Many envision imposing higher property taxes on businesses to allow reductions in residential taxes. Franchise tax reform was intended to provide relief by generating revenue from this “margin tax.”
The new franchise tax was applied to a broadened tax base at a lower rate to “buy down” local school tax rates, reducing school taxes throughout Texas.
However, relief was short-lived, with rising values and expanding development generating sizable increases in school taxes in 2013.
The total property tax levied between 1994 and 2015 by special districts, counties, cities, and schools is shown in the figure. Amounts are expressed in billions of inflation-adjusted 1994 dollars.
A flat line corresponds to no real increase in taxes while a rising line indicates increasing real taxes.
With the exception of the temporary reversal in 2007 following legislative school tax relief measures and a dip following valuation adjustments inspired by the Great Recession in 2010 and 2011, school taxes have expanded in real terms for the past 20 years.
City, county, and special district levies generally increased during that time as well, backtracking only in 2010 and 2011.
Higher Business Tax Eyed
Seeking to further lighten the tax burden, many see businesses as the preferred potential revenue source needed to fund education.
The Texas business tax climate ranks 14th among the states according to the Tax Foundation, a nonprofit, nonpartisan research institution in Washington, D.C., indicating a generally benign business tax climate.
Advocates of higher business taxes perhaps view that ranking as evidence that increasing business taxes might not harm Texas’ competitive position.
However, business location decisions involve consideration of all business levies in the competing venues. To get a clearer picture of the impact of potential tax changes requires an analysis of all the different taxes levied in each state in search of an optimal climate for starting or expanding a business. The 2017 Tax Foundation study provides an extensive comparison.
Digging into the details of the analysis reveals some surprising conclusions for the various taxes considered by the foundation. The analysis concentrates on corporate tax, individual income tax, sales tax, and unemployment insurance tax, as well as property tax (see table).
In the report, rankings range from 1 to 50 with 1 being the best tax climate and 50 the worst. The Texas property tax system ranks 37th nationally, meaning that only 13 states currently rank lower.
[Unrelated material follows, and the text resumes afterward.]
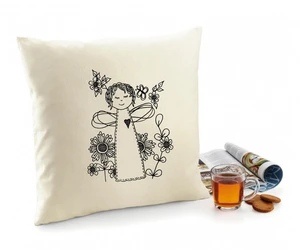 Originální dekorační polštář z přírodní bavlny s motivem, který si můžete přizpůsobit podle sebe. Ideální dárek pro spolužáky, učitele nebo kamarády – s vlastním potiskem jména či kresby.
In fact, the report notes that the Texas property tax score slipped from 33rd in 2016 and that drop primarily caused a slight drop in the state’s overall ranking from 2016. That suggests that shifting the property tax burden to businesses could cause both the property tax and overall rankings to deteriorate even further.
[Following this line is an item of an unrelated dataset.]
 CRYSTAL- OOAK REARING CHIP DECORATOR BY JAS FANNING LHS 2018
Personal Income Tax Ranks Sixth
Proposals have targeted sales taxes as a preferred alternative revenue source for property taxes. However, the current Texas sales tax also ranks 37th among the states. The 2017 ranking did improve from 38th in 2016. All this suggests that shifting tax liabilities to sales taxes could cause that ranking to deteriorate.
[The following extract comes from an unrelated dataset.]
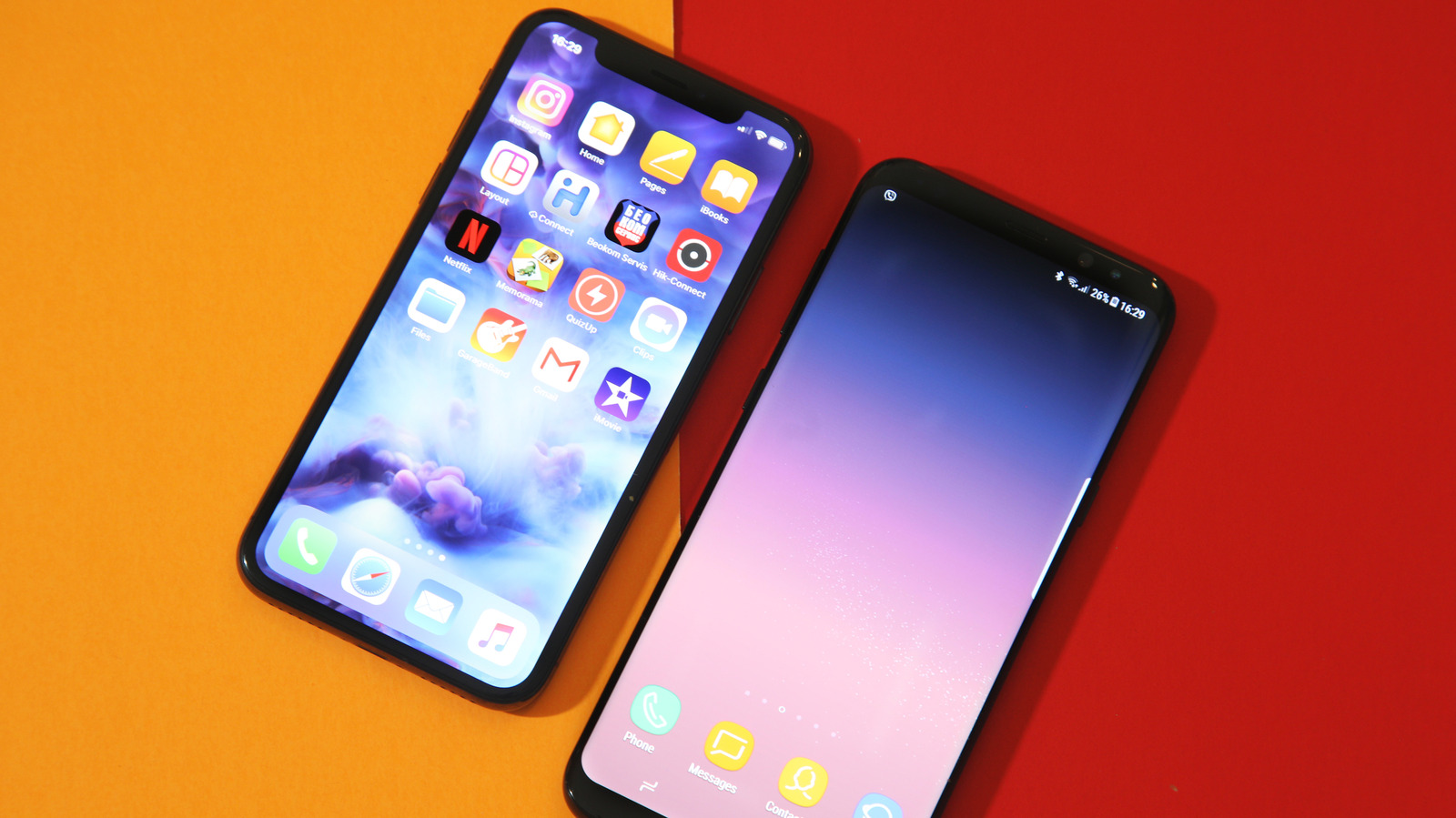 Aquele celular antigo esquecido na gaveta ainda pode ser muito útil. Com o aplicativo gratuito AlfredCamera, você pode transformá-lo em uma câmera de segurança completa em poucos minutos — sem fiação, sem habilidade especial e sem gastar dinheiro com uma câmera dedicada.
Texas fares well versus other states on personal income taxes, ranking sixth. However, Texas misses the number one ranking conferred on other states that do not have a personal income tax because the franchise tax also applies to partnerships and subchapter S corporations that are considered individuals in the study. The unemployment insurance tax ranks 12th nationally.
The foundation’s score for the Texas corporate tax ranks 49th. This ranking focuses entirely on the franchise tax and applies despite a 21 percent reduction in the franchise tax rate in the last legislative session. Only Delaware ranks lower. Further, Texas has consistently ranked 49th on this measure since 2014, having dropped from 37th in 2011.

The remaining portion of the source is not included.